Até novembro de 2024, o Disque 100 recebeu mais de 3,4 mil denúncias de racismo e injúria racial, envolvendo mais de 5,2 mil violações, segundo o Ministério dos Direitos Humanos e da Cidadania (MDHC). O número representa um aumento em relação a 2023, quando foram registradas 3,1 mil denúncias e 4,6 mil violações. Apesar da atuação constante dos movimentos negros no Brasil, o aumento dos casos evidencia a necessidade urgente de intensificar o combate à discriminação racial, tema central do Dia Internacional de Luta pela Eliminação da Discriminação Racial, celebrado em 21 de março.
A jornalista e doutora em Literatura pela Universidade de Brasília (UnB), além de ativista montes-clarense, Andreia Pereira da Silva, aponta que o racismo permanece profundamente enraizado na estrutura social do Brasil, manifestando-se persistentemente em diversos casos. “O mito da democracia racial criou essa falsa sensação de que o racismo não existe aqui, mas basta olhar para as desigualdades perpetuadas ao longo dos séculos. Depois de mais de 300 anos de escravidão, a população negra foi lançada à própria sorte, sem acesso a direitos básicos como educação, moradia e trabalho digno. E essa exclusão não foi acidental, foi planejada”, diz.
Ainda segundo Andreia, a ausência de pessoas negras nos espaços de poder, decisão e liderança, não é uma coincidência, é resultado dessa história de segregação. “Muitas vezes, ouvimos que isso acontece por falta de esforço individual, mas essa ideia de meritocracia ignora completamente os obstáculos que o racismo estrutural impõe. O racismo no Brasil persiste porque, além de estrutural, ele também é cultural. Ele se manifesta no mercado de trabalho, na mídia, na segurança pública, na educação e até nas interações do dia a dia. E, muitas vezes, as pessoas brancas não se enxergam como parte do problema, porque o racismo foi construído para ser invisível para quem não sente seus efeitos”, declara.
Bianca Cristina Soares, pós-graduada em Africanidades e Cultura Afro-Brasileira e especialista em Educação e Direitos Humanos, destaca que o Dia Internacional de Luta pela Eliminação da Discriminação Racial é uma data de significativa importância, exigindo uma abordagem educativa robusta e enfática para o tema.
“No entanto, quando se trata de temas que já iniciam com palavras como: luta, combate, contra, isso automaticamente nos deixa com uma alerta de guerra, e o objetivo destes diálogos é para esclarecer e levar informação, já começamos por aí!
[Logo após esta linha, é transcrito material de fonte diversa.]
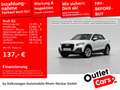 Audi Q2 30 TFSI LED Navi Rückfahrkamera uvm Weiß - thumbnail 1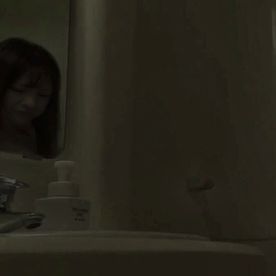 [LAXD-PPV-Y7dnnq3hsEacnMv9zyrRUNL]美貌とスタイルを活かす新星が魅せる衝撃技術編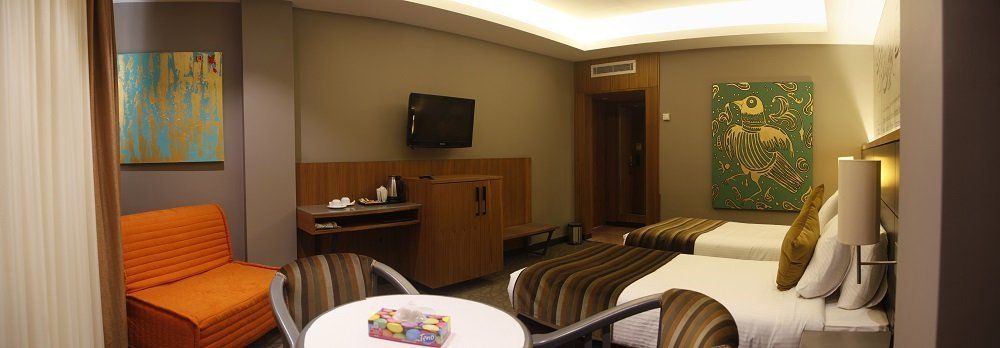 Tehran Amir Hotel,Tehran hotels, iran hotels,3 star hotel in tehran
Outro ponto importante que precisamos saber reconhecer os vieses inconscientes que fazem parte de um contexto social, aprender sobre letramento racial, a reconhecer a história, nos faz refletir sobre muitas situações sociais e nossas responsabilidades”, declara.
RAÇA E GÊNERO
Segundo a advogada, especialista em direito criminal e direitos humanos e mestre em desenvolvimento social, Maria Oliveira, o papel das pessoas brancas no combate à discriminação racial é refletir, discutir e romper, assumindo verdadeiramente o ônus disso, com as estruturas de privilégio que sustentam sua existência social. “É necessário um esclarecimento sobre sua própria condição social aliada à clareza com que ela estrutura o sistema em que vivemos e, sem a dissolução desse sistema, é impossível superar o racismo e toda discriminação que ele produz”, declara.
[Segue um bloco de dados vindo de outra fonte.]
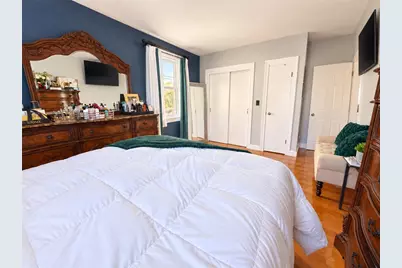 101 Merrill Street, East Providence, RI 02914 - Photo 15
A respeito dos tipos de discriminação existentes, Maria Oliveira conta que a discriminação racial é toda forma de segregação definida por critérios de raça. “O racismo pressupõe que haja ‘raças’ na nossa sociedade e define uma hierarquia para elas onde aqueles indivíduos, sendo lidos socialmente como ‘brancos’, ou que se aproximam dos critérios da branquitude ocupam o topo da pirâmide social e aqueles lidos socialmente como ‘negros’, aqui entendidos pretos ou pardos, ou que constituam qualquer outra minoria racial como os povos indígenas ou ciganos ocupam um patamar inferior”, diz.
Sobre as muitas violências que a população negra enfrenta diariamente, sobretudo as mulheres negras, Maria diz que, segundo dados do Fórum Brasileiro de Segurança Pública, a população negra é a que mais falece no país por ação do Estado.
“Os números e dados são alarmantes e apontam para um verdadeiro genocídio. As mulheres negras sofrem duplamente, carregando consigo o peso de sentirem a violência duas vezes, por serem mulheres e por serem corpos racializados. Elas estão nos piores índices, são as maiores vítimas de feminicídio, de violência doméstica, de abandono parental. Sofrem nos piores lugares com violências obstétricas, com os índices de pobreza e desemprego e, via de regra, são o sustento de uma família inteira”, relata.